▶ [WORK INSTRUCTION] Your task is to write out every line of the data exactly. Drop the pictures.

▶ [DATASET EXTRACT]

================

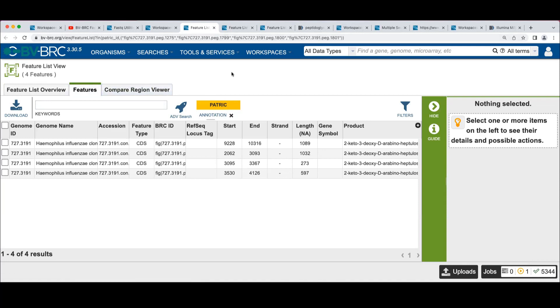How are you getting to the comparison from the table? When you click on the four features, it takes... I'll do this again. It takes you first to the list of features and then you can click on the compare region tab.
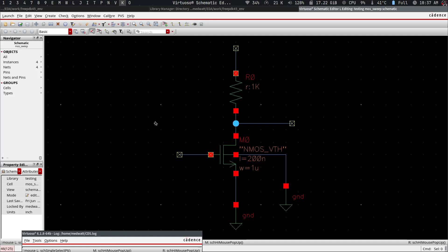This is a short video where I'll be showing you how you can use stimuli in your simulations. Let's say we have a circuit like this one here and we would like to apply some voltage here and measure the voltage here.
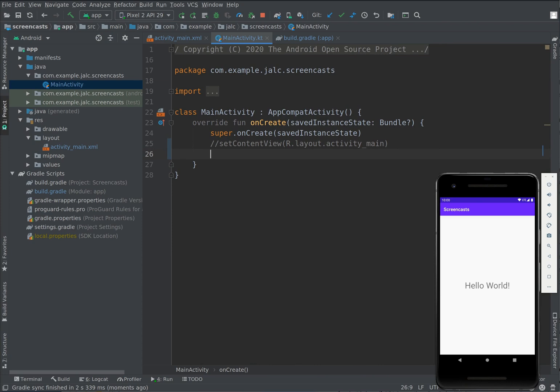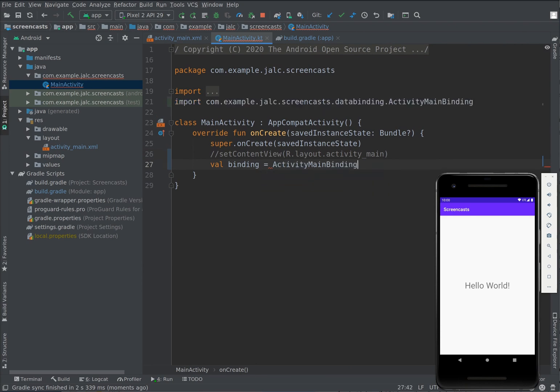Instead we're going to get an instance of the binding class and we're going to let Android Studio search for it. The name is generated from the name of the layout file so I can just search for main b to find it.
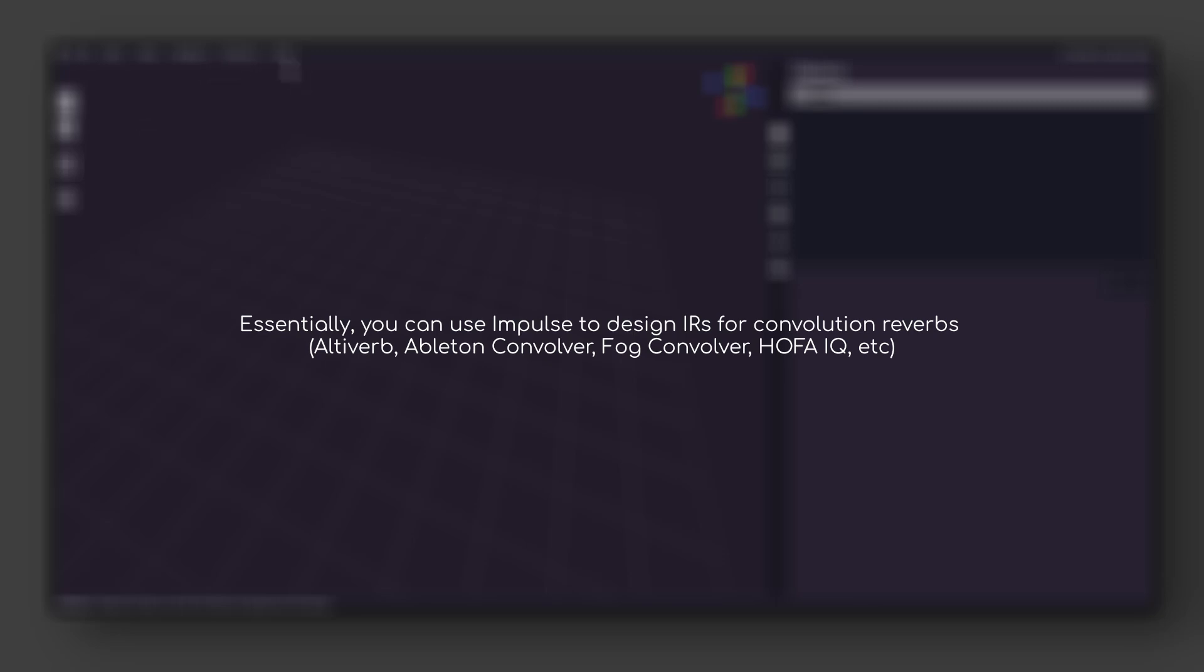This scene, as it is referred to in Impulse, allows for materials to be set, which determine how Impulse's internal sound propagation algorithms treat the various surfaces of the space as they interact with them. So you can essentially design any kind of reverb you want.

================

▶ [OUTPUT]
How are you getting to the comparison from the table? When you click on the four features, it takes... I'll do this again. It takes you first to the list of features and then you can click on the compare region tab.
This is a short video where I'll be showing you how you can use stimuli in your simulations. Let's say we have a circuit like this one here and we would like to apply some voltage here and measure the voltage here.
Instead we're going to get an instance of the binding class and we're going to let Android Studio search for it. The name is generated from the name of the layout file so I can just search for main b to find it.
This scene, as it is referred to in Impulse, allows for materials to be set, which determine how Impulse's internal sound propagation algorithms treat the various surfaces of the space as they interact with them. So you can essentially design any kind of reverb you want.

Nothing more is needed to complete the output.